I've previously talked about encodings and tried to explain how they work. This time I'll show you a bug in IE6 that is based on encoding problems. Because if you don't watch out, IE6 might ignore whole rules in your stylesheet. If you want you can see the example right away: Ignore encoding example. Open in in IE6 and compare with the rendering in a modern browser.

I've never seen this bug mentioned before so I took the liberty of naming it the "Encode and Ignore bug". If you find it somewhere else, please tell, and I'll use that name instead.

Now. Stylesheets unfortunately have no way of specifying encoding. So you type away in your favourite text editor set to some obfuscate Greek charset and of course expect everything to work. It often does. CSS works with very few characters; mostly you just use the letters A-Z, some brackets, and colons. Since most charsets have those positioned similarly there's no problem. But there are exceptions where you want to use other letters too: inside comments and in the future: in generated content.

Update: Niels Leenheer points out that there are two ways to specify encoding on stylesheets. Either using the method in the encodings article to send a proper HTTP header, or using the @charset "utf-8"; rule. The latter is just a rule you put on the first line of the CSS. Even seems to have decent browser support. Thanks Niels!

So this Swedish friend of mine is learning CSS and I'm helping him out when he notices a strange error. When setting his html document to be encoded in utf-8 IE6 starts to display the page differently.
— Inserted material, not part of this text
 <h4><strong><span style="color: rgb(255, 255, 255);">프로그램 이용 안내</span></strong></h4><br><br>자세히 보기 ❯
I had never seen anything like it and start digging through the code. After like half an hour I find the culprit: an "å"-letter in a comment!
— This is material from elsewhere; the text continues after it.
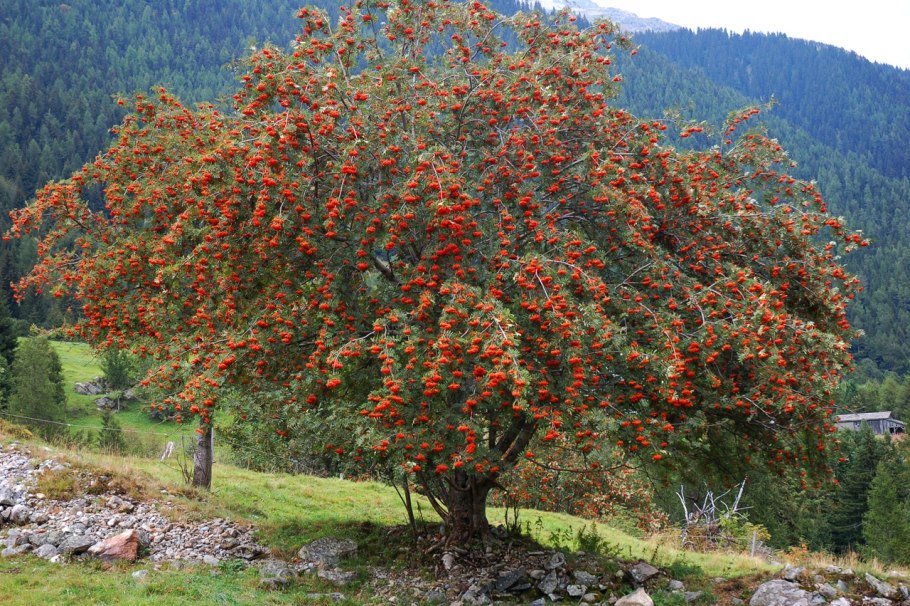 Рябина обыкновенная (sorbus aucuparia l.)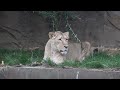 ZOO DE LONDRES SE PREPARA PARA CELEBRAR O DIA MUNDIAL DO LEÃO.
What he had done was add a comment after one of the colors he used, /* ljusblå */ ("light blue" in Swedish). When IE switches the HTML to UTF-8 the CSS seems to be switched with it. In UTF-8 mode the incorrectly encoded "å"-letter means something else, and IE not only ignores the comment or the line, but everything following it (still inside the current rule). So about half of a rule was ignored. I researched further and found that it was only triggered when the strange character was at the end of a comment.

Interesting, and easy to miss. The solution is of course to encode your CSS in the same charset as your HTML, or if you're lazy put some characters after the culprit. A very simple (and kinda rare) problem, but I thought it might save you an hour of debugging sometime.